In 1992, George Soros made a billion dollars in a single day by betting that the British pound would collapse. He sold short more than ten billion dollars worth of sterling, and when the Bank of England finally capitulated and withdrew from the European Exchange Rate Mechanism on what became known as Black Wednesday, Soros collected his winnings. He had, in the vivid phrase of the time, "broken the Bank of England."

This is what short selling can do. It is one of the most counterintuitive concepts in finance—a way to make money when things go wrong, to profit from decline, to bet against the house while everyone else is betting on it.

The Basic Mechanics

In ordinary investing, you buy low and sell high. You purchase shares of a company, wait for them to appreciate, then sell them at a profit. This is called being "long" a stock. It's intuitive: you own something, it becomes more valuable, you benefit.

Short selling flips this sequence around. You sell high first, then buy low later. How can you sell something you don't own? By borrowing it.

Here's how it works in practice. Imagine shares of a company called Acme Incorporated are trading at ten dollars each. A short seller believes the stock is overvalued and will fall. So she borrows one hundred shares from a broker—who typically gets them from another client's account—and immediately sells them in the open market for one thousand dollars.

Now she waits.

If she's right and the stock drops to eight dollars per share, she can buy back those one hundred shares for just eight hundred dollars, return them to the lender, and pocket the two-hundred-dollar difference as profit. Minus, of course, whatever fees she paid to borrow the shares in the first place.

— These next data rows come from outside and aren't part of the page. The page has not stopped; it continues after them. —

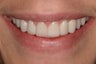 Smile Makeover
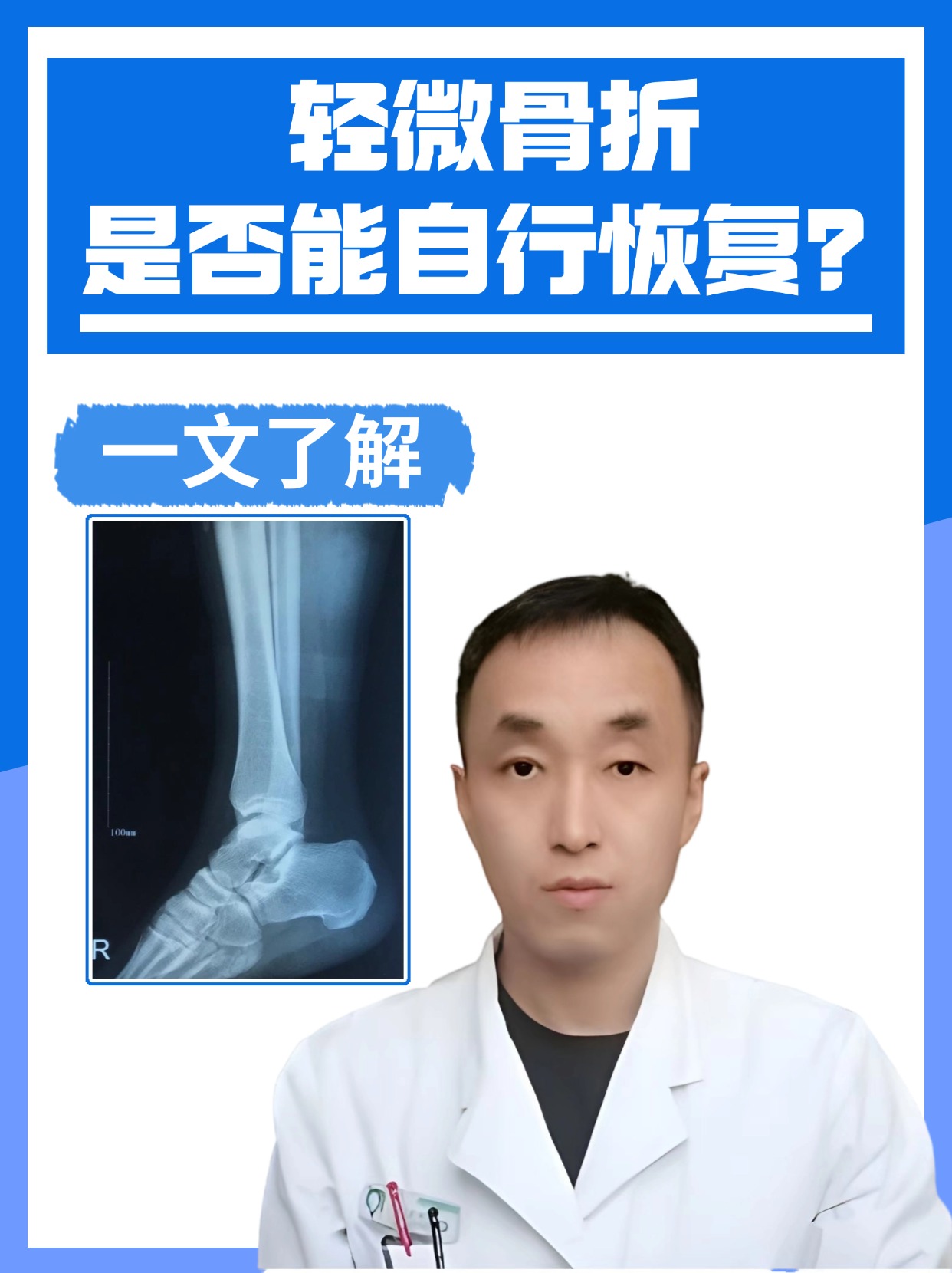 轻微骨折是否能自行恢复？一文了解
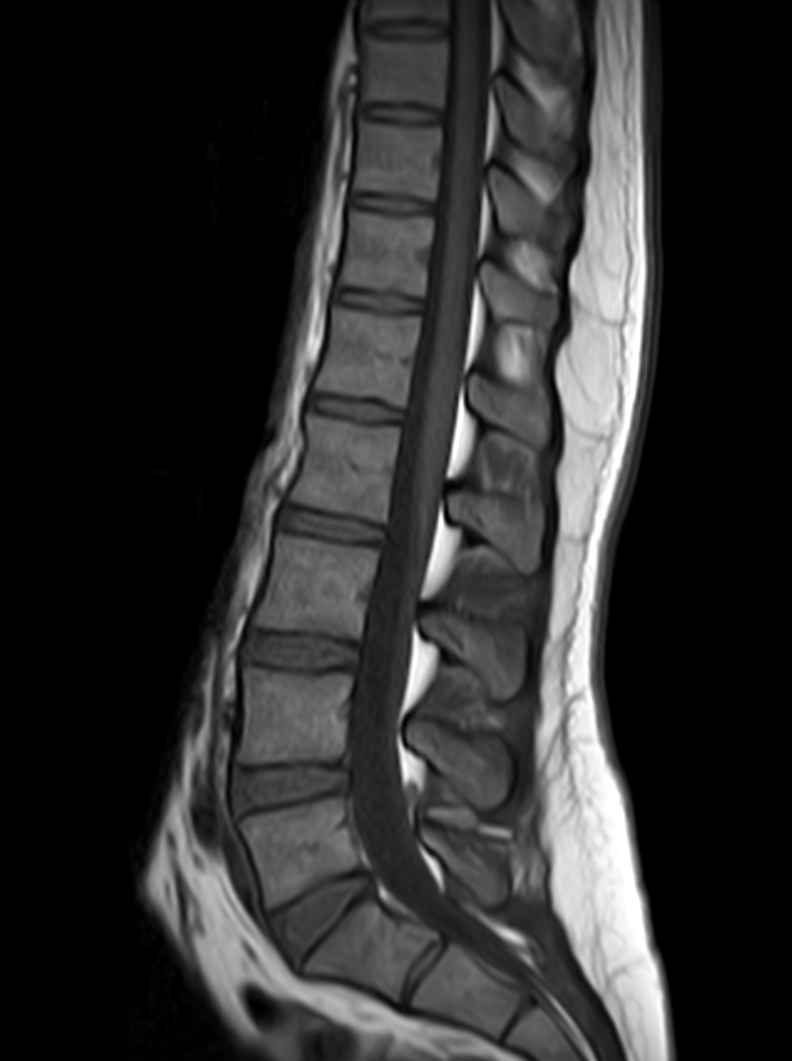 Sagittal mDIXON XD -  T1w TSE (In Phase)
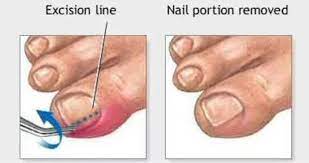 ingrown toenail removal treatment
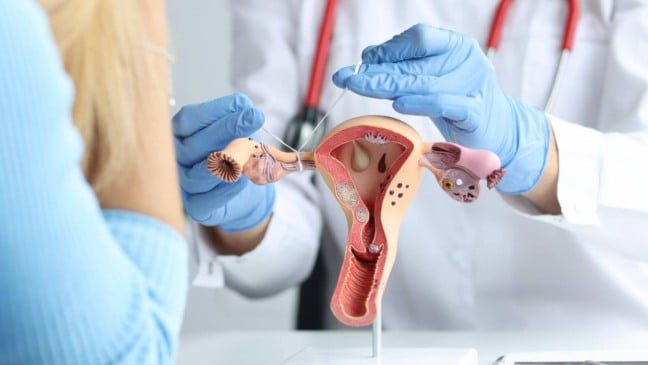 Demonstração de laqueadura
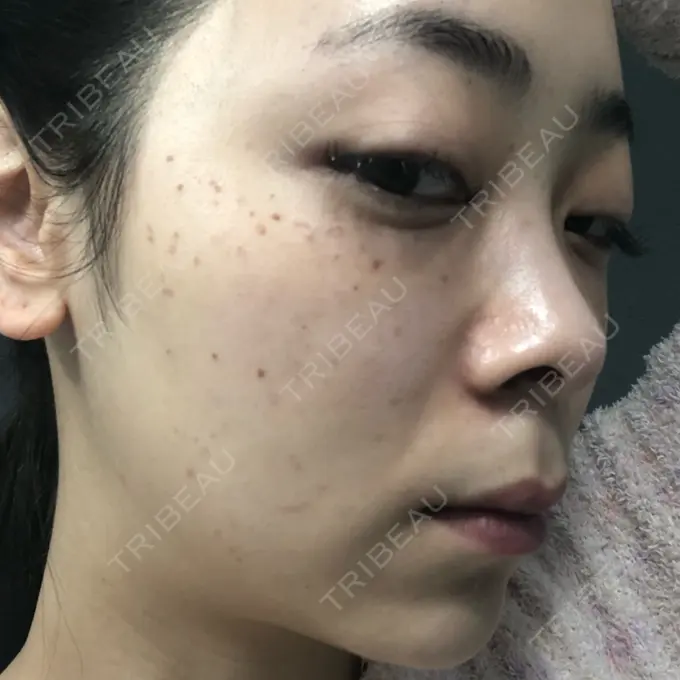 ほくろ・いぼ切除（肌） / シミ取りレーザー / ピコレーザートーニング（美白・肝斑） セオリークリニック DAY 5 メイン用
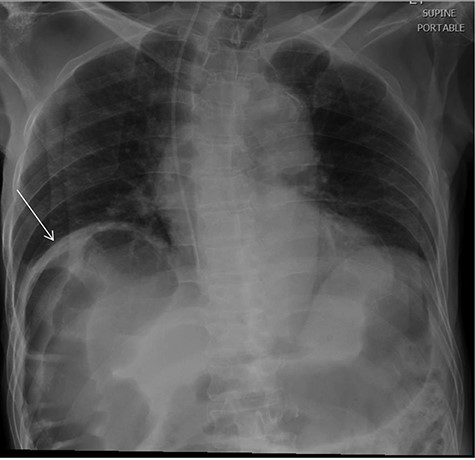 chest X-ray revealed visualized part of the abdomen demonstrate distended bowel filled with gases under the right hemidiaphragm.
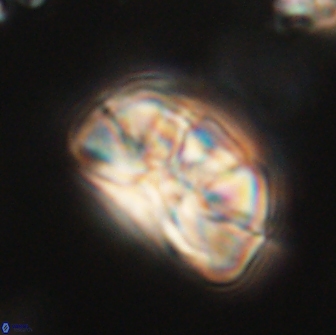 Heliolithus iptamenosdiskos 65804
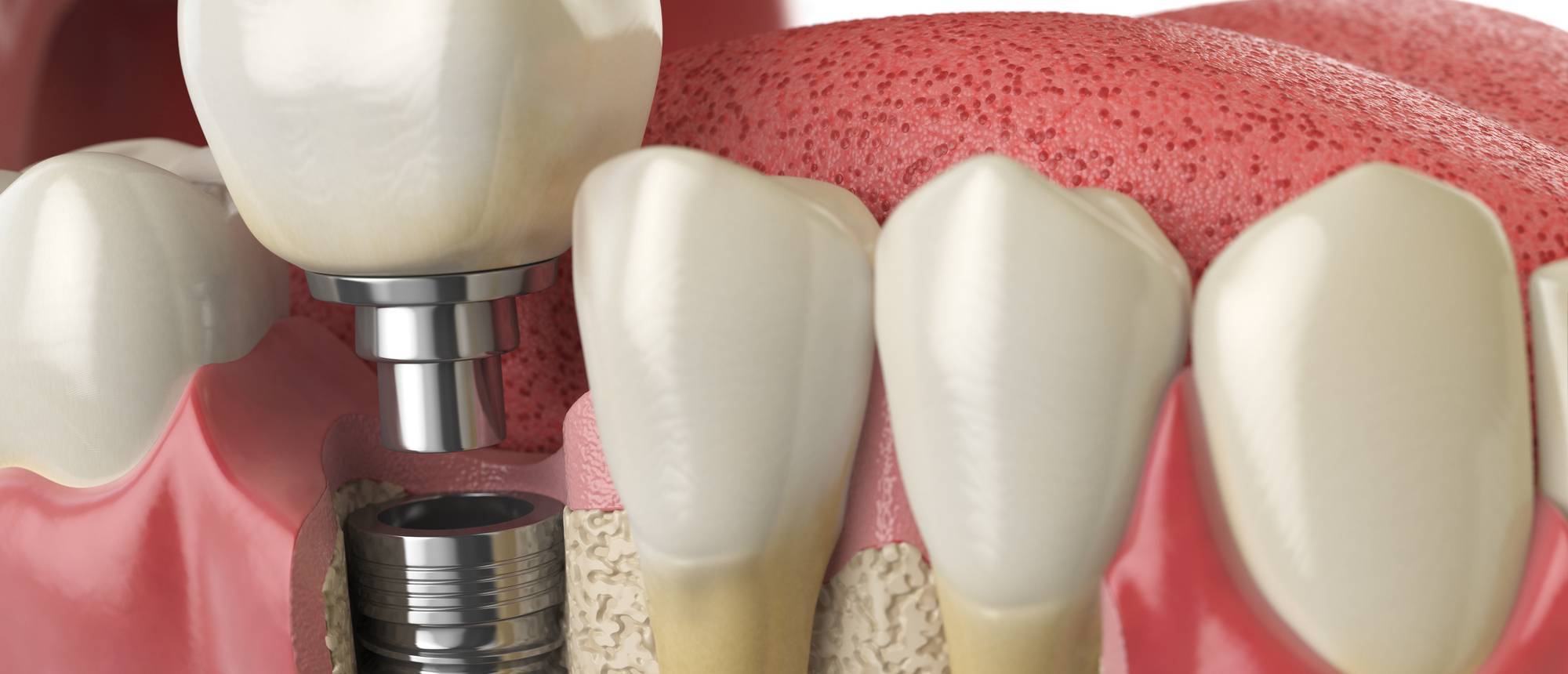 Anatomy of healthy teeth and tooth dental implant in human dentu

But if she's wrong and the stock rises to twenty-five dollars, she's in trouble. She still owes one hundred shares to the lender, but now she has to pay twenty-five hundred dollars to buy them back. Her loss: fifteen hundred dollars.

This asymmetry is crucial. When you buy a stock normally, your maximum loss is what you paid for it—the stock can only go to zero. But when you short a stock, your potential loss is theoretically unlimited. A stock can keep rising forever. This is why short selling has a reputation for danger, and why it attracts a particular kind of investor: someone willing to bet against popular opinion with their own money on the line.

The First Short Seller

The practice appears to have been invented in 1609 by a Dutch merchant named Isaac Le Maire. He was a major shareholder in the Dutch East India Company, known by its Dutch initials as the VOC—the Vereenigde Oostindische Compagnie. The VOC was the world's first publicly traded company and arguably the first multinational corporation, with a monopoly on Dutch trade with Asia.

Le Maire had a falling out with the VOC's directors and wanted revenge. He began spreading negative rumors about the company's prospects while simultaneously selling its shares short. The strategy worked: the stock fell, and Le Maire profited. The VOC's directors were furious. They lobbied the Dutch government, which in 1610 banned short selling—making it the first of many such restrictions throughout history.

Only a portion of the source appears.